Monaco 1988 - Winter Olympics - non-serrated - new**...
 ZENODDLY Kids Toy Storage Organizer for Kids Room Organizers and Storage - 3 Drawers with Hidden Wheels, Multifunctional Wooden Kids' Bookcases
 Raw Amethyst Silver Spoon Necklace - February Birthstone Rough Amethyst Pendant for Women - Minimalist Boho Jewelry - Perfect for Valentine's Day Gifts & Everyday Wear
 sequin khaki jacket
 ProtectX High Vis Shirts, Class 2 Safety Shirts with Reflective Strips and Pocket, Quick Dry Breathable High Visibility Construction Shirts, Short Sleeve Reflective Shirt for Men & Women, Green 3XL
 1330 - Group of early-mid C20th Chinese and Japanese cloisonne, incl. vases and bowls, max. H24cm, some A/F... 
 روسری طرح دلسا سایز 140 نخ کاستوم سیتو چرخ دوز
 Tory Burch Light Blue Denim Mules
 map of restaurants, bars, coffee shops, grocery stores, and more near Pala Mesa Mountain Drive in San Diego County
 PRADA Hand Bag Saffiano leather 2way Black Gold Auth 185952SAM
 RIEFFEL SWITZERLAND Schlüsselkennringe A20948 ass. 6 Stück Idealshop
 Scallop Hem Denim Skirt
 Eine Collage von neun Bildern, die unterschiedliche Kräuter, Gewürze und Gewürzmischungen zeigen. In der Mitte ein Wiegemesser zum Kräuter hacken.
——
Your answer should be the data above, retyped exactly.

Response to the task:
Monaco 1988 - Winter Olympics - non-serrated - new**...
 ZENODDLY Kids Toy Storage Organizer for Kids Room Organizers and Storage - 3 Drawers with Hidden Wheels, Multifunctional Wooden Kids' Bookcases
 Raw Amethyst Silver Spoon Necklace - February Birthstone Rough Amethyst Pendant for Women - Minimalist Boho Jewelry - Perfect for Valentine's Day Gifts & Everyday Wear
 sequin khaki jacket
 ProtectX High Vis Shirts, Class 2 Safety Shirts with Reflective Strips and Pocket, Quick Dry Breathable High Visibility Construction Shirts, Short Sleeve Reflective Shirt for Men & Women, Green 3XL
 1330 - Group of early-mid C20th Chinese and Japanese cloisonne, incl. vases and bowls, max. H24cm, some A/F... 
 روسری طرح دلسا سایز 140 نخ کاستوم سیتو چرخ دوز
 Tory Burch Light Blue Denim Mules
 map of restaurants, bars, coffee shops, grocery stores, and more near Pala Mesa Mountain Drive in San Diego County
 PRADA Hand Bag Saffiano leather 2way Black Gold Auth 185952SAM
 RIEFFEL SWITZERLAND Schlüsselkennringe A20948 ass. 6 Stück Idealshop
 Scallop Hem Denim Skirt
 Eine Collage von neun Bildern, die unterschiedliche Kräuter, Gewürze und Gewürzmischungen zeigen. In der Mitte ein Wiegemesser zum Kräuter hacken.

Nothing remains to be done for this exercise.